To the editor: Reading The Times' disagreement with the Supreme Court ruling, which said corporations like Hobby Lobby don't have to provide their employees with insurance that covers some contraceptives at no extra cost, made me wonder why it was not obvious for some people that doing otherwise would violate freedom of conscience. ("Hobby Lobby ruling: Bad for women's rights, bad for the Religious Freedom Restoration Act," Editorial, July 1)
But then again, as people of faith, we have not been doing a good job explaining to nonreligious individuals why we believe what we believe. My hope is that this particular victory on religious freedom will open up conversation and that this time around, the faithful will be able to communicate beliefs logically and patiently to others.
To paraphrase Fr. Robert Spitzer, a Catholic leader and philosopher, we will never gain our brothers' and sisters' hearts on hot-button issues if we don't gain their minds first.
Raul Ramirez, Azusa
To the editor: The court's decision is one more step toward conferring upon corporations the same constitutional rights as people.

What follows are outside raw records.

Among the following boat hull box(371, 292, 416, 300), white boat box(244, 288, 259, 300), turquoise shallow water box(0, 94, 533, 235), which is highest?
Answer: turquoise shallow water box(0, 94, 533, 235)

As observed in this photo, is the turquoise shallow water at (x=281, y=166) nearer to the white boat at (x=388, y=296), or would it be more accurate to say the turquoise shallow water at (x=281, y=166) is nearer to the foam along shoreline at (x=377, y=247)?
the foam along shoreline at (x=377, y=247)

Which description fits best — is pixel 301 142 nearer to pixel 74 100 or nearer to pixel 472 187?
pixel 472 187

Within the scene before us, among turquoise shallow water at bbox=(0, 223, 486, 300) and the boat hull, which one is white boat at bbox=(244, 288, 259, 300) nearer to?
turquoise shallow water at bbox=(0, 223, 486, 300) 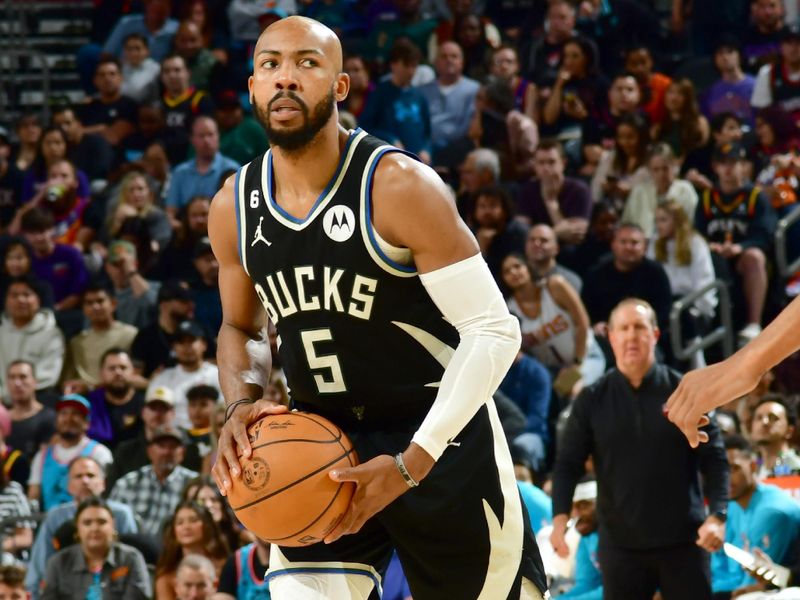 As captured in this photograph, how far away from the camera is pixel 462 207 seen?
1131cm

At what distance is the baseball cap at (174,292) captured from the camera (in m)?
10.4

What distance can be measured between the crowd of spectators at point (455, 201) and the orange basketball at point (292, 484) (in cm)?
372

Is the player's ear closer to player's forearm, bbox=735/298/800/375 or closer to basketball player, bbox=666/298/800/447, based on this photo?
basketball player, bbox=666/298/800/447

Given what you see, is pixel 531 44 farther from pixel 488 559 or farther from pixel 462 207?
pixel 488 559

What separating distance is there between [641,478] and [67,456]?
13.9 ft

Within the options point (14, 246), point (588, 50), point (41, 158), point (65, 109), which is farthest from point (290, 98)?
point (65, 109)

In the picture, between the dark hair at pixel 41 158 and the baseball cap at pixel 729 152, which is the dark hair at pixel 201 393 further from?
the baseball cap at pixel 729 152

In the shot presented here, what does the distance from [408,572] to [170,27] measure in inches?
417

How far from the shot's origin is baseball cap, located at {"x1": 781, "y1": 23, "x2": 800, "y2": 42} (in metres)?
11.8

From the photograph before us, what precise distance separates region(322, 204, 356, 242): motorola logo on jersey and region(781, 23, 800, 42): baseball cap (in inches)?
342

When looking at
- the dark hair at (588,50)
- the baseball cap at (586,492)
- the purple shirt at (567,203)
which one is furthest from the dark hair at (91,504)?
the dark hair at (588,50)

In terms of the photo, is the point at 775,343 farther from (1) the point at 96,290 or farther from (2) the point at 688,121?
(2) the point at 688,121

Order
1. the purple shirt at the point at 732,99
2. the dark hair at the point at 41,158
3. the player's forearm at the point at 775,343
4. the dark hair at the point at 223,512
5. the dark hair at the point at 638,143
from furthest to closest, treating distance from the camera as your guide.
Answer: the purple shirt at the point at 732,99
the dark hair at the point at 41,158
the dark hair at the point at 638,143
the dark hair at the point at 223,512
the player's forearm at the point at 775,343

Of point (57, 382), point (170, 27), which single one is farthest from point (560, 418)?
point (170, 27) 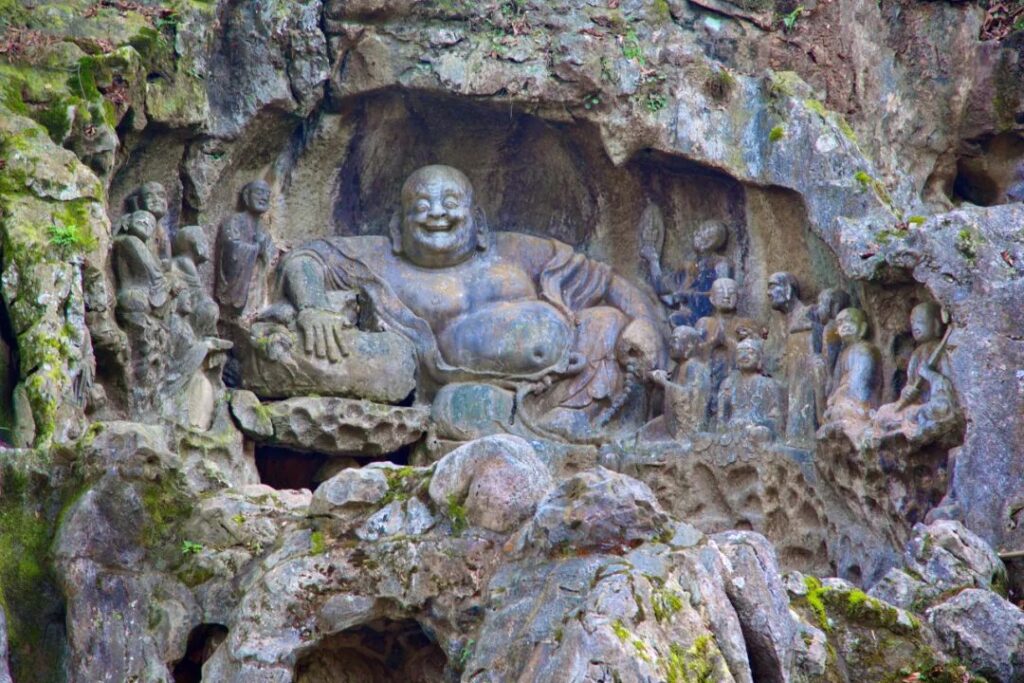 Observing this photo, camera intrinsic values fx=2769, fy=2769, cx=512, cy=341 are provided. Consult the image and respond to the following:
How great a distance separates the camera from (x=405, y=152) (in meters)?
22.0

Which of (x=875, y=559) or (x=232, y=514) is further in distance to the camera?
(x=875, y=559)

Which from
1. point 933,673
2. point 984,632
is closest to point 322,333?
point 984,632

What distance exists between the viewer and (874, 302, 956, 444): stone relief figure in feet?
63.2

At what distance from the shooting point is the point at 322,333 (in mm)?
20625

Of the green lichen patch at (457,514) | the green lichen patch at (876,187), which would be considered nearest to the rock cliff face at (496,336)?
the green lichen patch at (457,514)

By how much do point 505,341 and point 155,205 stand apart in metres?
2.84

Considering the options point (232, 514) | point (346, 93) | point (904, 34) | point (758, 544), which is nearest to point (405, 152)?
point (346, 93)

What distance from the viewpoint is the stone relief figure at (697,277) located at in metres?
21.5

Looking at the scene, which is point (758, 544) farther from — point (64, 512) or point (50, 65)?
point (50, 65)

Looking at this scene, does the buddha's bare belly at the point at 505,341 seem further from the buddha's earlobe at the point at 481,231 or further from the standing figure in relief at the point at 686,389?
the standing figure in relief at the point at 686,389

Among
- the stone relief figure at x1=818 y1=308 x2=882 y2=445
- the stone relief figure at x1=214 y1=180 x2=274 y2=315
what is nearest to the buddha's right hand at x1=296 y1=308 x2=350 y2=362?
the stone relief figure at x1=214 y1=180 x2=274 y2=315

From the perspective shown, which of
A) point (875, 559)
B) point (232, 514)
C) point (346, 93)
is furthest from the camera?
point (346, 93)

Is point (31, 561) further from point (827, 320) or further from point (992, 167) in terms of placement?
point (992, 167)

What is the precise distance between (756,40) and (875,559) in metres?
4.65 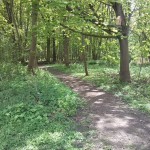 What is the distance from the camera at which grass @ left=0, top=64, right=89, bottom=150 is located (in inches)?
244

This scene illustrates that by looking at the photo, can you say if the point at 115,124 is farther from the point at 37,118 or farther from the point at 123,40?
the point at 123,40

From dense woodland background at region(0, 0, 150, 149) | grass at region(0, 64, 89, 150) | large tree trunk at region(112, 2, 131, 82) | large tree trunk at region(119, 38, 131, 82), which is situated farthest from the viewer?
large tree trunk at region(119, 38, 131, 82)

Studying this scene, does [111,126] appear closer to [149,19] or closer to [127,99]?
[127,99]

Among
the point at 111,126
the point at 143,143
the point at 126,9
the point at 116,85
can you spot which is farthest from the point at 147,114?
the point at 126,9

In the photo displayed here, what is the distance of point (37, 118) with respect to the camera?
744cm

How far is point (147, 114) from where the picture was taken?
8.65m

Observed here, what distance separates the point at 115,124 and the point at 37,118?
7.41ft

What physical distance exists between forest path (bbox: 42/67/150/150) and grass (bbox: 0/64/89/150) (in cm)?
51

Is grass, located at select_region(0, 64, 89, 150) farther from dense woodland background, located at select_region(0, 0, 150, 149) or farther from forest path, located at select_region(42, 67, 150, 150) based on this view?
forest path, located at select_region(42, 67, 150, 150)

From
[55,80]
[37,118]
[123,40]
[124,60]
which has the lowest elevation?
[37,118]

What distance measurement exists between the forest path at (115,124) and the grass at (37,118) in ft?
1.68

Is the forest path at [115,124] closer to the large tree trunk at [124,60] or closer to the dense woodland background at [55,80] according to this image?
the dense woodland background at [55,80]

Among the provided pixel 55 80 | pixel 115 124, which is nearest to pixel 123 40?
pixel 55 80

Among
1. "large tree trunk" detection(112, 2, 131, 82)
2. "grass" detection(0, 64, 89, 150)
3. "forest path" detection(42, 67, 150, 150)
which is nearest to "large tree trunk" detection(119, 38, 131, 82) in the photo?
"large tree trunk" detection(112, 2, 131, 82) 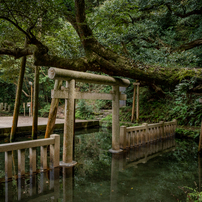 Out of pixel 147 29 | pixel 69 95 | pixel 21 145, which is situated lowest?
pixel 21 145

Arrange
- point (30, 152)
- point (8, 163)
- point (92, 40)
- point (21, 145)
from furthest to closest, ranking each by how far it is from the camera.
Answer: point (92, 40), point (30, 152), point (21, 145), point (8, 163)

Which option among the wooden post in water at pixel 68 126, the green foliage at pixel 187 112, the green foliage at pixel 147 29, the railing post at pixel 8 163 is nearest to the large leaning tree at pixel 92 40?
the green foliage at pixel 147 29

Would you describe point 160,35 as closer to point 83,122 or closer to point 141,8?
point 141,8

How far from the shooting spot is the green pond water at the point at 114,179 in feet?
11.4

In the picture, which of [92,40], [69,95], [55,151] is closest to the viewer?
[55,151]

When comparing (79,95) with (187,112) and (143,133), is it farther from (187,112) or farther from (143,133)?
(187,112)

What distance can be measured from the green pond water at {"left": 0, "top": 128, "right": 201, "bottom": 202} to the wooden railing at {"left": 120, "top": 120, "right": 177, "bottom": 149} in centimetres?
51

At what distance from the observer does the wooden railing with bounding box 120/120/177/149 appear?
6699 mm

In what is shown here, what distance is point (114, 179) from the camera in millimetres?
4324

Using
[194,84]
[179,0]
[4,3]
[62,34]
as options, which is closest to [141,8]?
[179,0]

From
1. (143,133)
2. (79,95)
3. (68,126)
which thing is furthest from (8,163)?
(143,133)

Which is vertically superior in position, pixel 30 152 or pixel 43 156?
pixel 30 152

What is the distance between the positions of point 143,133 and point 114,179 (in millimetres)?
3670

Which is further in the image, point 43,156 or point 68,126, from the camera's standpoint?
point 68,126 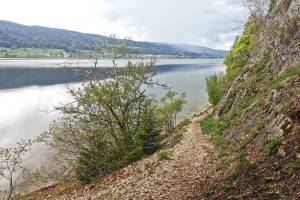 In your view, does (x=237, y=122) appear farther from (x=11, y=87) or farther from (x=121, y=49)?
(x=11, y=87)

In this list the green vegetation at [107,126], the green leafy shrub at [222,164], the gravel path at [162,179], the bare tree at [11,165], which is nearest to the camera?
the gravel path at [162,179]

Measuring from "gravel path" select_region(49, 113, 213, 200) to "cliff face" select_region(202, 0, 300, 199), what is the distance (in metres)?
1.40

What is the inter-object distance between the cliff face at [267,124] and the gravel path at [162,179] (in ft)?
4.60

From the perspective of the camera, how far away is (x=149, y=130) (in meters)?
38.0

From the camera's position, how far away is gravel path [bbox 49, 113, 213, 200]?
2006 cm

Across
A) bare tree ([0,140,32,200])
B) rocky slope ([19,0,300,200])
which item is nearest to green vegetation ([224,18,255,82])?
rocky slope ([19,0,300,200])

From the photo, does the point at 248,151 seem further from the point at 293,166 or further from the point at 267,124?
the point at 293,166

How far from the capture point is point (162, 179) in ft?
73.9

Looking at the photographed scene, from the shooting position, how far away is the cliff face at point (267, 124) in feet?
48.7

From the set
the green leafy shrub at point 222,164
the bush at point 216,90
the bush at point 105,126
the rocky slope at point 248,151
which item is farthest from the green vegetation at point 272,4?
the green leafy shrub at point 222,164

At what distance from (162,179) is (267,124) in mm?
7087

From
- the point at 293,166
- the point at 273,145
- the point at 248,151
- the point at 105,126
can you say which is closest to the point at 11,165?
the point at 105,126

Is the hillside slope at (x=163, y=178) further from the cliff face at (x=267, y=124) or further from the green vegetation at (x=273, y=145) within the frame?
the green vegetation at (x=273, y=145)

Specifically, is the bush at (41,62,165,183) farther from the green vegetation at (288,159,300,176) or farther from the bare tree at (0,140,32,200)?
the green vegetation at (288,159,300,176) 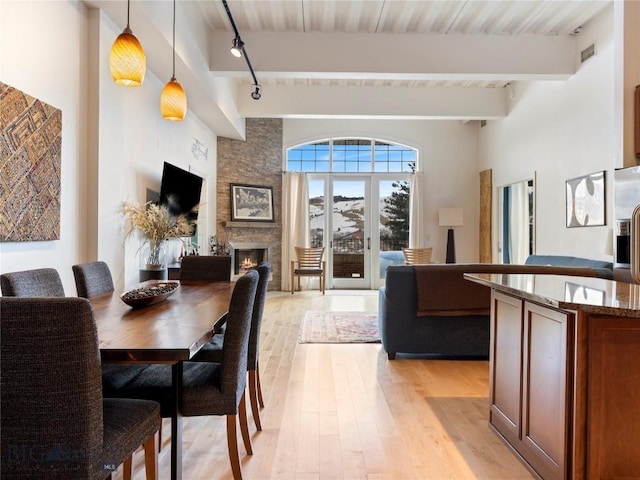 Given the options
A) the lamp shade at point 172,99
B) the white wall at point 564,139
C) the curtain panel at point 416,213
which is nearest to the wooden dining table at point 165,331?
the lamp shade at point 172,99

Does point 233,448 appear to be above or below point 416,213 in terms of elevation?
below

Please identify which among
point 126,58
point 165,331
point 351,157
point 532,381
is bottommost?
point 532,381

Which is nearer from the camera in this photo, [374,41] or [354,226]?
[374,41]

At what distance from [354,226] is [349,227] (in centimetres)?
10

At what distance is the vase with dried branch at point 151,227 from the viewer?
3.98 metres

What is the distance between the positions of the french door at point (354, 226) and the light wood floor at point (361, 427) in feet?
15.1

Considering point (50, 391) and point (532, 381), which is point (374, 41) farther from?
point (50, 391)

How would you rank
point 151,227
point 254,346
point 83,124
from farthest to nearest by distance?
point 151,227 → point 83,124 → point 254,346

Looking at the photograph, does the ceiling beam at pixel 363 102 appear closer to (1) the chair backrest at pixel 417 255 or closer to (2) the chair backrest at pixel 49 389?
(1) the chair backrest at pixel 417 255

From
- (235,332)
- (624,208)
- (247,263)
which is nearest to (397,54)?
(624,208)

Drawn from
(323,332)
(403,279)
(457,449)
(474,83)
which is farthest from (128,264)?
(474,83)

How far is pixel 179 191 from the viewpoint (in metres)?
5.01

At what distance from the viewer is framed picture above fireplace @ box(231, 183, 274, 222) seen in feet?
26.0

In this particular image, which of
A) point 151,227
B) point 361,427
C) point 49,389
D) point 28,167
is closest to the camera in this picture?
point 49,389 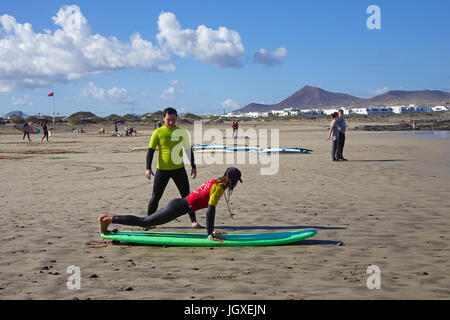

I have never been in a Hobby Lobby store, but I suspect that many of its shoppers are women. Those who are upset by this court case should shop elsewhere. Surely Hobby Lobby doesn't have a monopoly on the types of products it sells.
Also, since corporations are people, it is time for the federal and state governments to treat them the same as people in all matters of law and regulation. There should be no special loopholes or subsidies granted to corporations that aren't available to individuals. Those responsible for crimes committed by corporations should be prosecuted as any other perpetrator would be.
Let's have no more selective application of the "corporations are people" philosophy.
James C. Morton, Anaheim
To the editor: The Times wrongly asserts that the Supreme Court's decision on the Obamacare contraceptives mandate "could embolden employers to assert a 'religious' right to deny other health benefits to their employees — from immunization to blood transfusions to psychotherapy — or to discriminate in other ways."
In fact, the opinion specifies that it "should not be understood to hold that all insurance coverage mandates, e.g., for vaccinations or blood transfusions, must necessarily fall if they conflict with an employer's religious beliefs. Nor does it provide a shield for employers who might cloak illegal discrimination as a religious practice."
Blind to the irony of its own assertion, The Times opines that the court "absurdly" held that "Hobby Lobby and the other companies qualified as 'persons,'" thus protected by 1st Amendment religious exercise rights. If the 1st Amendment did not apply to companies, The Times would have no right to free speech.
Jonathan Imbody, Washington
The writer is vice president of government relations at the Christian Medical Assn.